Al otro día se levantó al amanecer, preparó el mate, tomó el frasco que le dio el veterinario y caminó hasta el galpón donde descansaba el caballo. Cuando fue a colocar un poco del aceite en el bozal, la evocación del día anterior se hizo mucho más intensa: era ese olor el que abría una brecha hacia la profundidad de su memoria. No se esforzó en recordar, porque como se sabe, cuando uno exige a la memoria el recuerdo se escabulle, y confió al paso de los días la aparición de las ahora deseadas imágenes.

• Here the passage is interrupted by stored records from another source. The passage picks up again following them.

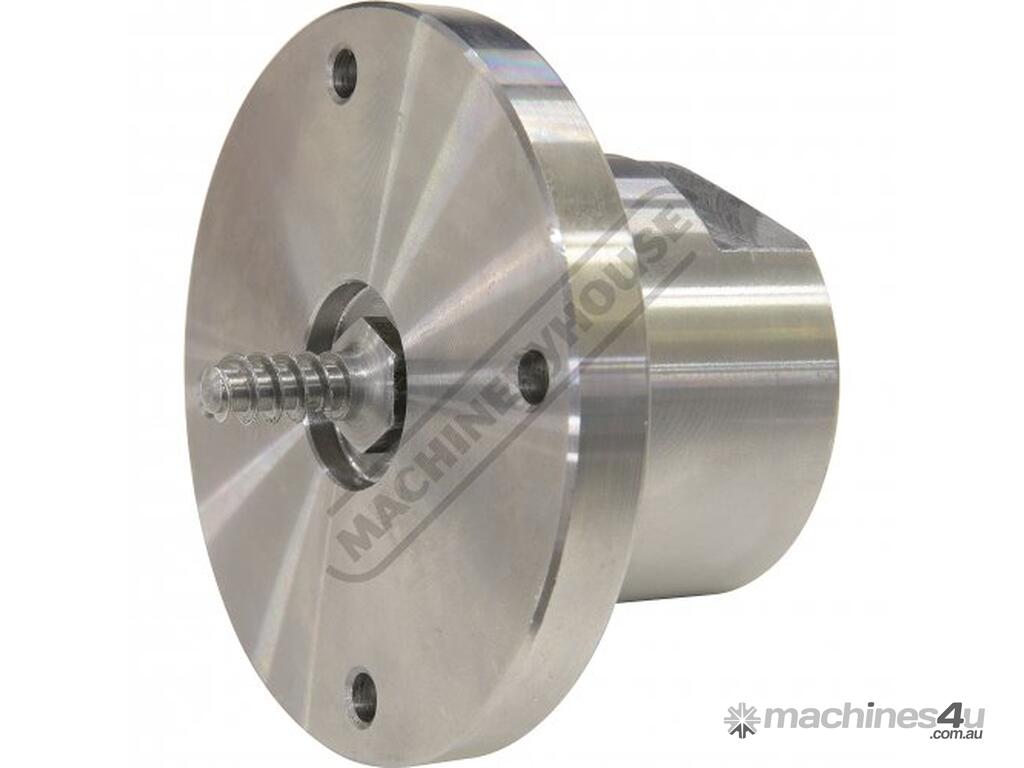 New Hafco FP90 Face Plate 90mm Suits Wood Lathes Wood Lathes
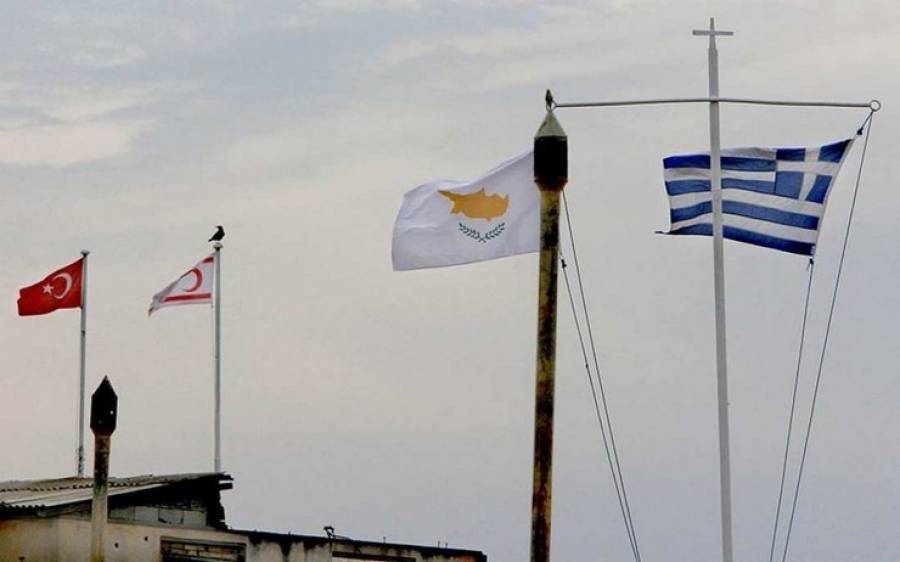Κυπριακό: Η νίκη Τατάρ ενισχύει τα σενάρια διχοτόμησης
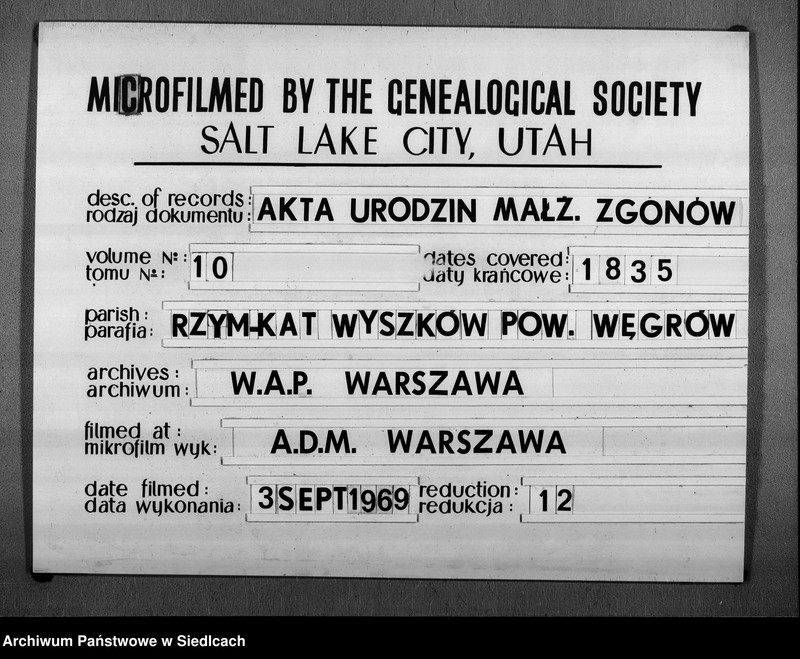 image.from.unit.number "[Akta urodzin, małżeństw, zgonów]"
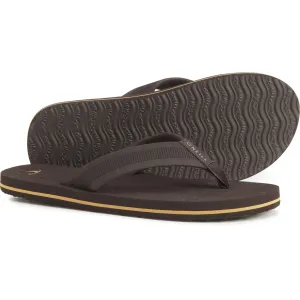 Expedition Flip-Flops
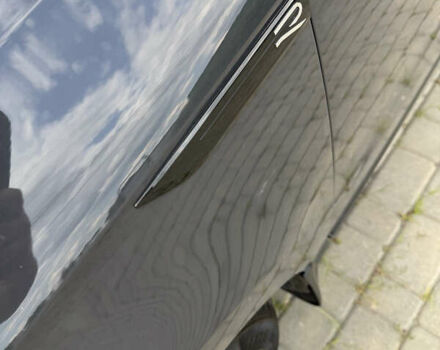 Серый Фольксваген Пассат, объемом двигателя 2 л и пробегом 278 тыс. км за 10300 $, фото 5 на Automoto.ua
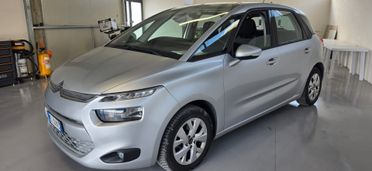 Citroen C4 Picasso 1.6 e-HDi 115 Seduction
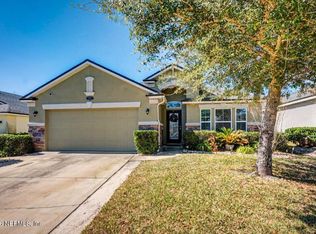 1896 HIGH PRAIRIE Lane, Middleburg, FL 32068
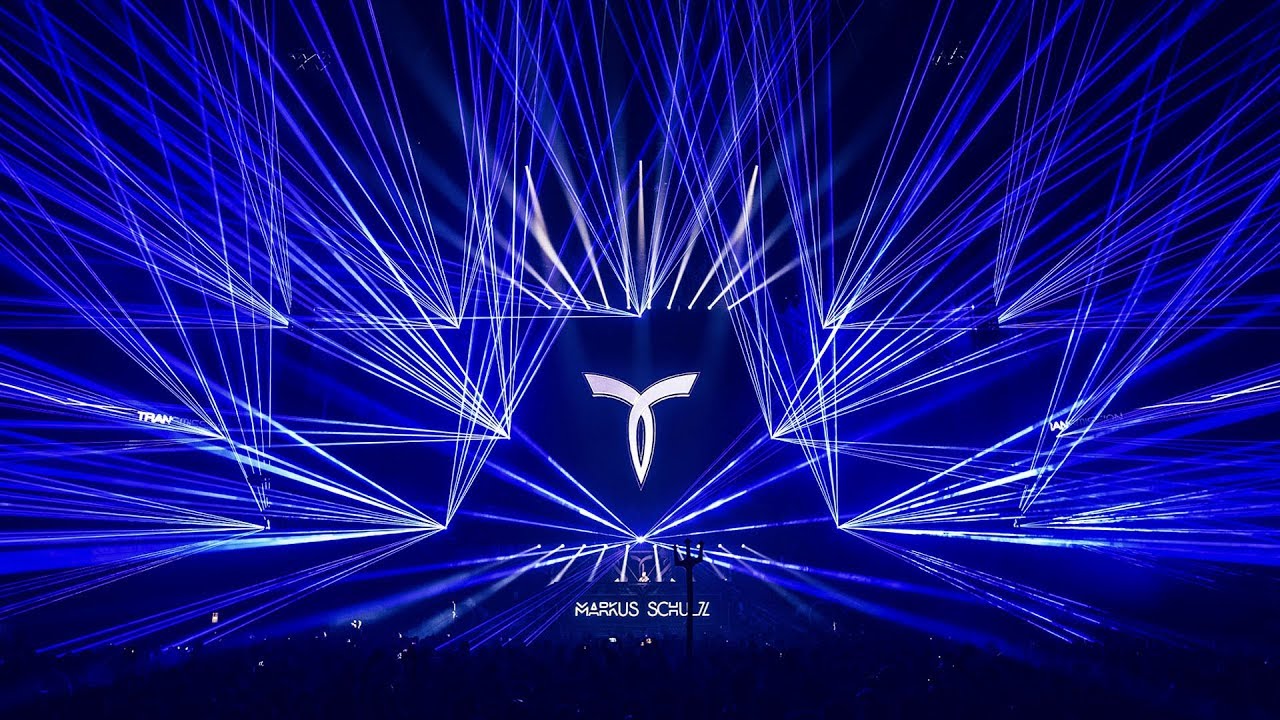 PRYDA - Stay With Me (@markusschulz Big Room Reconstruction) (Live at Transmission Prague 2018) 4K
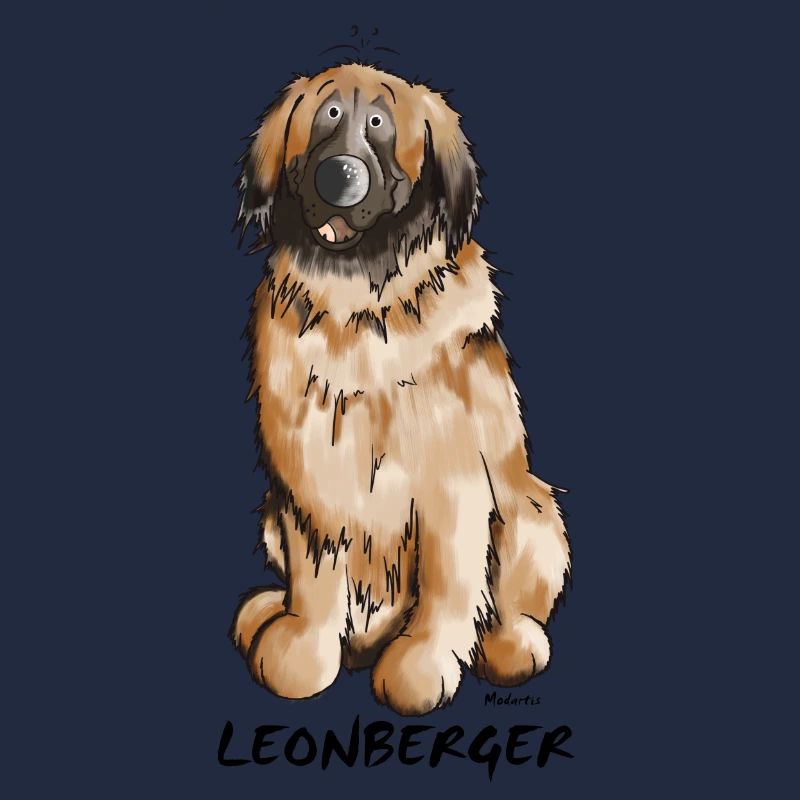 Leon der Leonberger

El fin de semana, Ligeiro estaba muy tranquilo. El tratamiento había dado resultado y estaba pronto para la carrera. No quedaban rastros del celo. Don Claudio iba conduciéndolo de las riendas a pie, junto a un peón y un jinete, hasta el punto de largada, para los preparativos finales, cuando algo destelló en su mente octogenaria. En pocos segundos se sucedieron en su imaginación, cual viejas diapositivas, las imágenes de la antigua estancia brasilera, aquella época tan feliz, con sus padres, sus hermanos y sus primos. Recordó vívidamente a << Vovó >>, la abuela, quien tenía la costumbre de regalar a cada nieto varón, cuando llegaba a los 14 ó 15 años de edad, un escapulario con una virgencita, que reclamaba semanalmente por unas horas para bendecir y luego devolver lleno de hojas de laurel machacado con un aceite cuya naturaleza nunca revelaba. Los muchachitos atesoraban el misterio en su interior cual pócima mágica capaz de protegerlos. En las primeras horas el olor ocre era intenso, pero luego se hacía más agradable. << Era alcanfor >>, balbuceó con los ojos humedecidos, respiró hondo y continuó caminando.